Having propelled Weybright into such a fevered paroxysm, the slim volume about sixteen-year-old Holden Caulfield and his 48-hour quixotic revolt against “phoniness” appeared in a 25-cent Signet edition with a first printing of 350,000 copies in April of 1953. A box on the cover read, “This unusual book may shock you, will make you laugh, and may break your heart—but you will never forget it.”  For Signet and thirty years of readers to come,[2] that statement was largely true.

Few people were disappointed or unhappy about the book. Save one: J.D. Salinger.

Marc Jaffe (still an NAL editor at this point), who had been in communication with Salinger, recalled that the writer came to NAL’s offices to discuss the book prior to its paperback appearance.

“He said he would be much happier if the book had no illustrated cover at all. In fact, he would be happier if the book was distributed in mimeographed form. Of course, he had no control over the cover.”

Kurt Enoch, who was then responsible for covers, assigned NAL’s star artist, James Avati, to paint the cover for The Catcher in the Rye. Avati produced a simple but effective illustration that showed Holden, wearing his famous red hunting hat turned backward and carrying his Gladstone bag, walking along a city street. He was passing in front of a nightclub that had some posters of semidressed women out front and Avati was asked to dress them up a bit, even though they were in the background. It was a most inoffensive cover, yet Salinger was dismayed by it. As Jaffe explained,

“The book went on to tremendous success, but even knowing that Salinger was unhappy, NAL never changed that cover. When the license came up for renewal, I was at Bantam and it became known he was unhappy.”

Oscar Dystel, by then the head of Bantam, recalled that Little, Brown’s Arthur Thornhill (who was on the Bantam board of directors) called to tell him of Salinger’s difficulties with NAL.
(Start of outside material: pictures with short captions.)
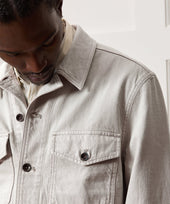 Cropped Denim Eisenhower Jacket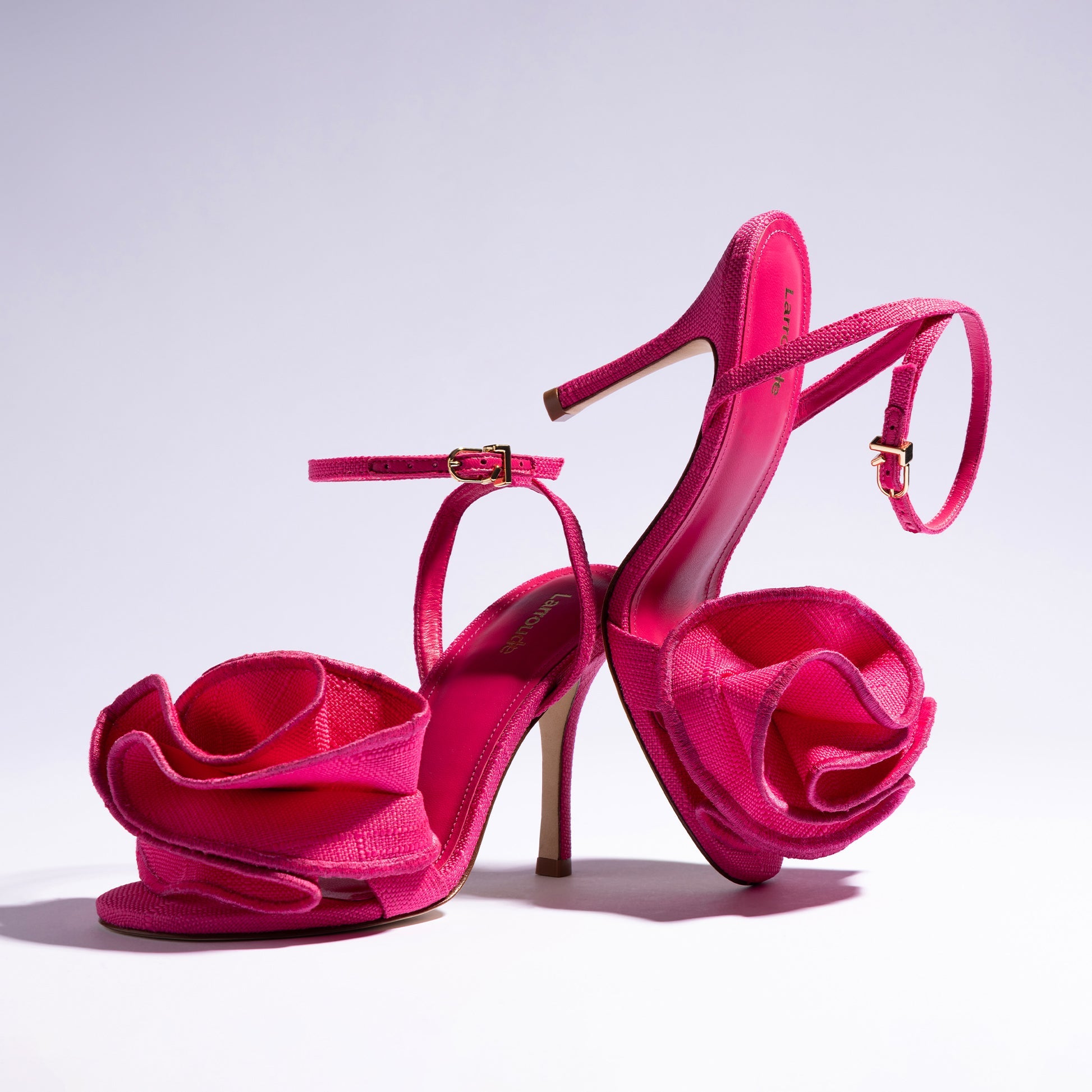 Penelope Ruffle Sandal In Pink Raffia by Larroudé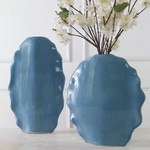 Ruffled Feathers Vases Blue, 2 Sizes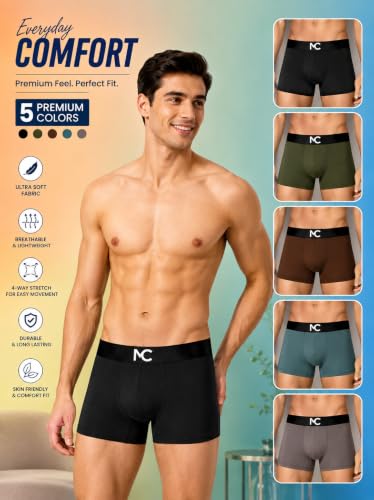 Image of Men's Boxer Briefs for Men Pack of 5 | Soft Stretchable Trunks with Elastic Waistband | Comfortable Breathable Innerwear, Sports & Gym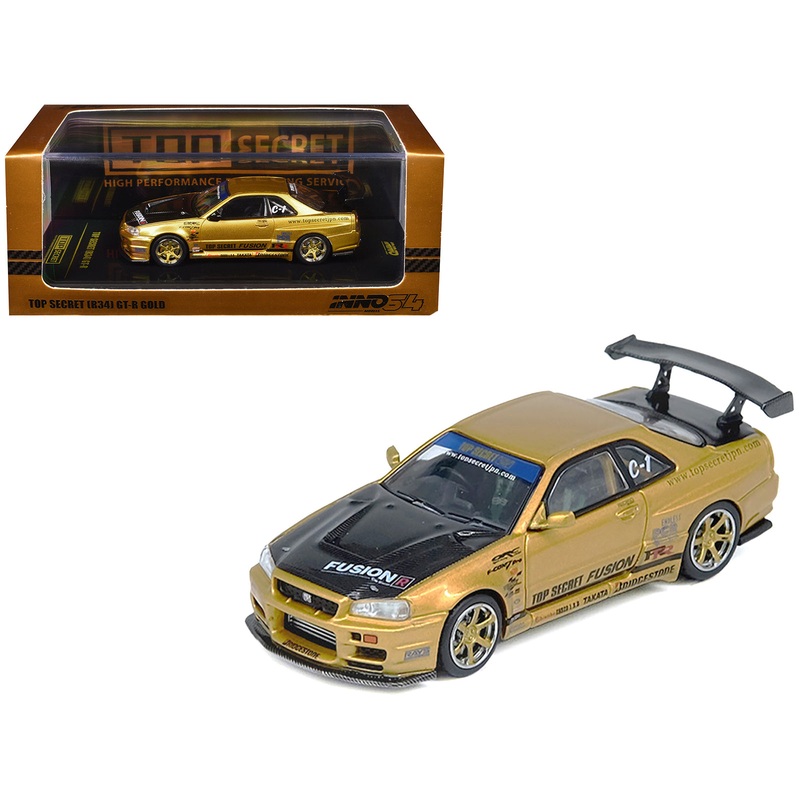 Nissan Skyline GT-R (R34) RHD (Right Hand Drive) “Top Secret” Gold Metallic with Carbon Hood and Trunk 1/64 Diecast Model Car by Inno Models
“He asked me if I might be interested in discussing Salinger. I said, ‘I’ll be on the next airplane.’ I dropped everything, went to Boston, and asked Arthur what he wanted. We shook hands on a two-cent-per-book royalty and Arthur then told me that Salinger had to approve the cover. I said, ‘Anything he wants. We’ll do it on plain brown paper.’ Salinger actually sent us a swatch to show us the color he wanted.  He even selected the typeface. The J and the D were set in different types. Bantam still uses that cover.”

(Note: When I quoted Oscar Dystel, Bantam still held the paperback rights to The Catcher in the Rye. They have since reverted to Little, Brown, the original hardcover publisher, which now publishes the paperback edition of the book with its original 1951 hardcover jacket art.)

And by the way, more than 60 years after it appeared in print, The Catcher in the Rye remains among the “Most Banned and Challenged Books,” according to the American Library Association , which tracks attempts to remove books from school and public libraries.


[1] Victor Weybright, The Making of a Publisher (New York: Reynal & Company, 1966, p. 242.

[2] This was written in 1983, a little more than 30 years after the original publication of The Catcher in the Rye.